I asked when purebloods might start blaming themselves.

Mephi replied, ‘History suggests not until they are made to.’”

People will hold on to their beliefs and ignorance until forced otherwise.

“I’m not sure I can xplain why, but an impulse can be both vaguely understood and strong.”

Then, Sonmi watched a movie..

“A picaresque entitled The Ghastly Ordeal of Timothy Cavendish…”

“Why our corpocratic state outlaws any historical discourse is a perplexing question. Is it that history provides a bank of human xperience that rivals Media’s?”

“Time is what stops history happening at once; time is the speed at which the past disappears. Film gives those lost worlds a brief resurrection. Those since-fallen buildings, those long-decayed faces, they engrossed me. We were as you are, they said. The present doesn’t matter. My fifty minutes in front of the cinema screen with Hae-Joo were an xercise in happiness.”

Second half

“All revolutions are the sheerest fantasy until they happen; then they become historical inevitabilities.”

“The sacred is a fine hiding-place for the profane: they are always so similar.”

“The helmet was fitted over the Sonmi’s head and neck; at this moment I noticed the number of doors into the cell. The conclusions chilled me.”

When Sonmi realized that they were not sending fabricants to a happy island when their tenure as “slaves/servers” ended, instead, they were killed and their body parts recycled.

“In the beginning there is ignorance. Ignorance engenders fear. Fear engenders hatred, and hatred engenders violence. Violence breeds further violence until the only law is whatever is willed by the most powerful. What is willed by the Juche is the creation, subjugation and tidy xtermination of a vast tribe of duped slaves.”

Sloosha’s Crossin’ an’ Ev’rythin’ After

This was an interesting chapter to read, cause it was HARD to read. It was written kind of like in gibberish. Made it very slow to make progress. It’s a man (Zacchary) narrating his life, it seems, and this is after “The Fall”, a historic event post-Sonmi’s time in which humanity seems to have decayed.

After losing a baby…

“Jayjo she didn’t die, nay, but she never laughed twirly like b’fore an’ we din’t marry, nay, you got to know your seeds’ll grow a purebirth or sumthin’ close, yay?”

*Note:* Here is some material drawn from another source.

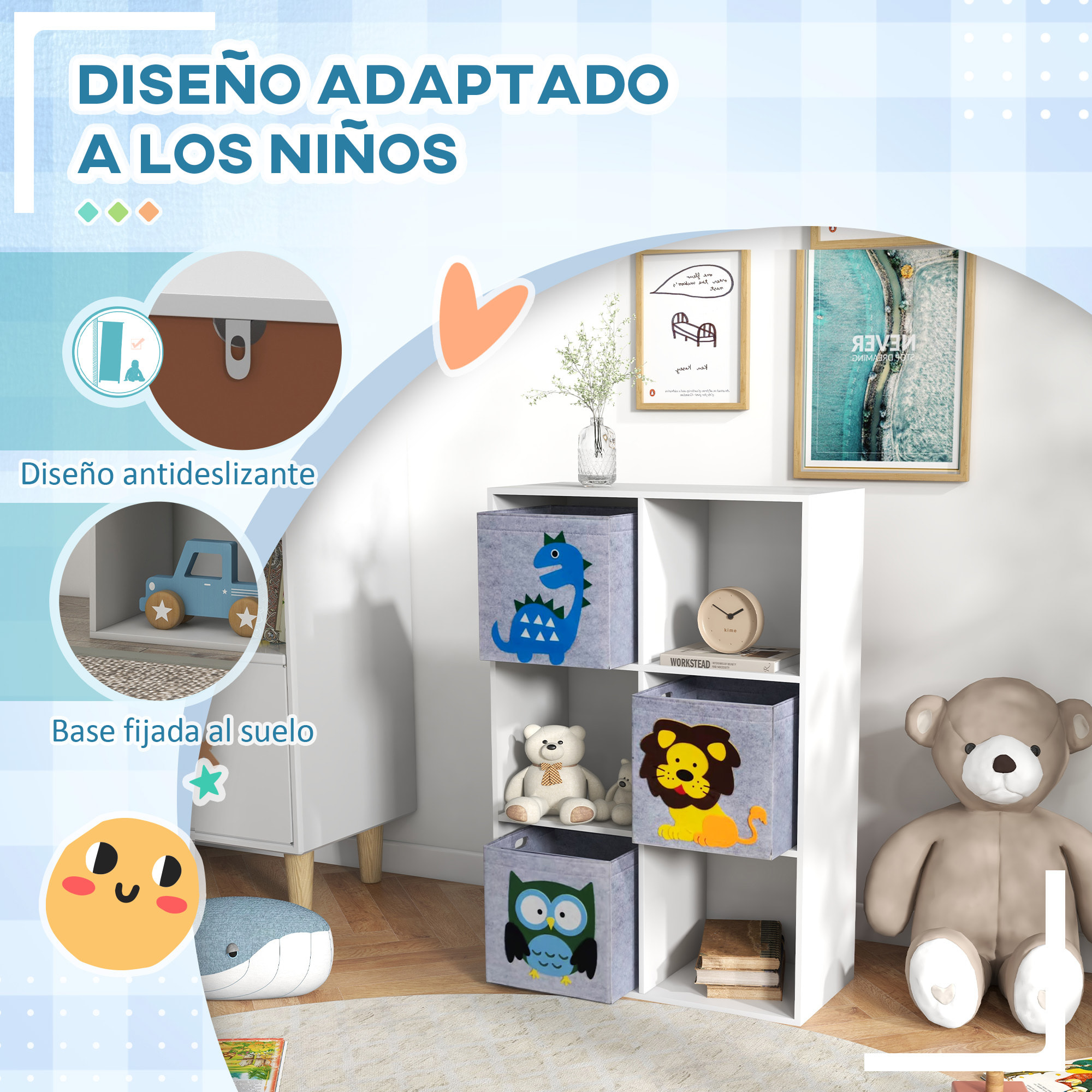 Estantería para Juguetes Infantil Librería para Niños de +3 Años con 6 Compartimientos de Almacenaje y 3 Cajones de Tela no Tejida con Imagen de Animales 61,8x29,9x91,5 cm Blanco y Gris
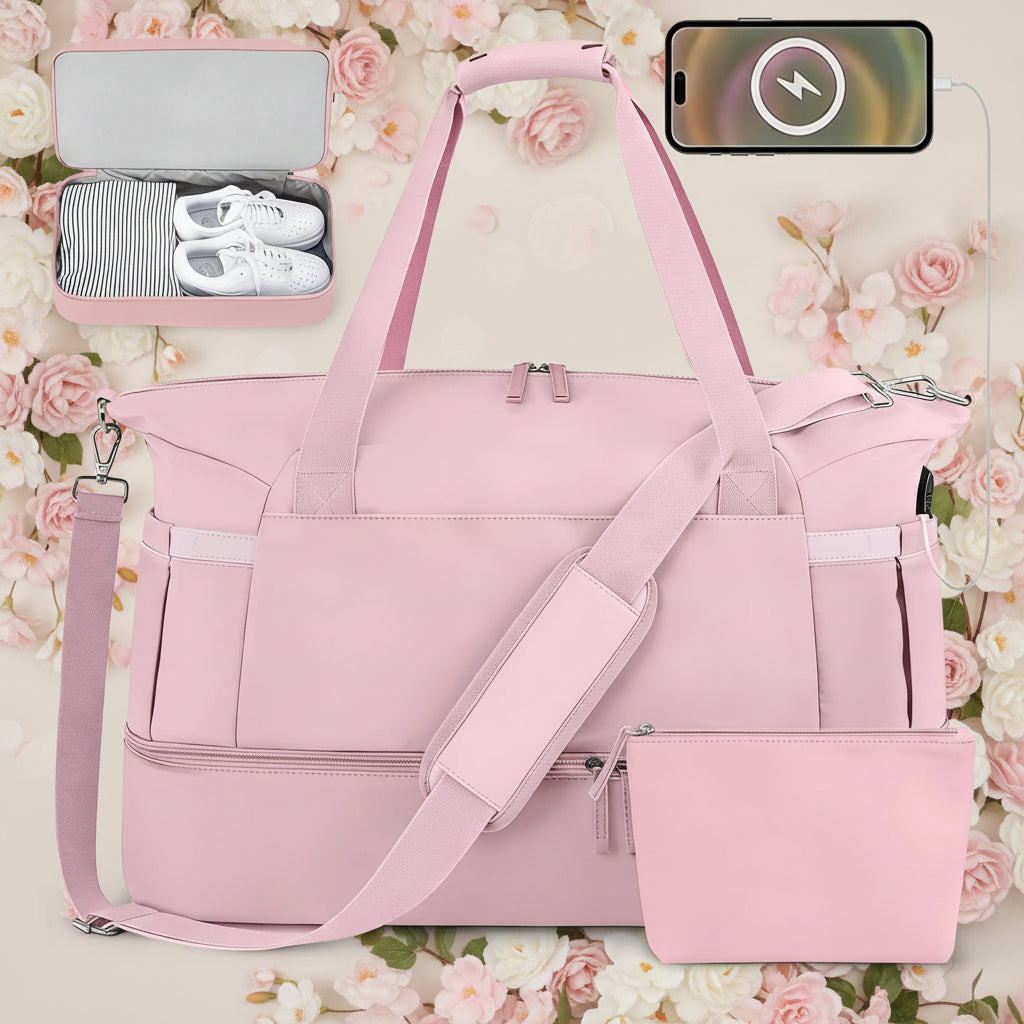Travel Duffel Bag for Women Gym Bag with USB Charging Port Large Weekender Overnight Bag Yoga Duffle Bags with Wet Pocket and Shoes Compartment, Pink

You can see the term purebirth being used, and how there were issues with some people not having good “seeds”. So, what happened with fabricants and purebloods?

“…the gone-lifes outnumber the now-lifes like leafs outnumber trees.”

“…but I din’t like this giftin’ not a bit, nay, see this offlander was buyin’ my kin sure ‘nuff an’ I wasn’t havin’ it.”

An offlander, Meronym, from an advanced civilization, wanted to stay around and “learn their ways” and he didn’t like it.

The people from the advanced civilization had darker skin.

“… her ancestors b’fore the Fall changed their seeds to make dark-skinned babbits to give ‘em protection ‘gainst the redscab sickness,”

“Some schoolers started inkin’ their faces blacker to look like a Prescient but Meronym telled ‘em to clean up or she’d not teach ‘em nothin’, ‘cos Smart’n’vic’lize ain’t nothin’ to do with the color o’ the skin, nay.”

Race shows up again in the book.

“O, bein’ young ain’t easy ‘cos ey’rythin’ you’re puzzlin’n’anxin’ you’re puzzlin’n’anxin’ it for the first time.”

On youth.

On greed and how it caused the Fall of civilization…

“I mem’ry she answered, Yay, Old’uns’ Smar mastered sicks, miles, seeds an’ made miracles ord’nary, but it din’t master one thing, nay, a hunger in the hears o’ humans, yay, a hunger for more.More what? I asked. Old’uns’d got ev’rything’.O, more gear, more food, faster speeds, longer lifes, easier lifes, more power, yay. Now the Hole World is big but it weren’t big ‘nuff for that hunger what made Old’uns rip out the skies an’ boil up the seas an’ poison soil with crazed atoms an’ donkey ‘bout with rotted seeds so new plagues was borned an’ babbits was freakbirthed. Fin’ly, bit’ly, then quicksharp states busted into bar’bric tribes an’ the Civ’lize Days ended, ‘cept for a few folds’n’pockets here’n’there, where its last embers glimmer.”

Offlanders were just exploring the area, Ha-Why, to figure out where to settle in that land.

“List’n, savages an’ Civilized ain’t divvied by tribes or b’liefs or mountain ranges nay, ev’ry human is both, yay.”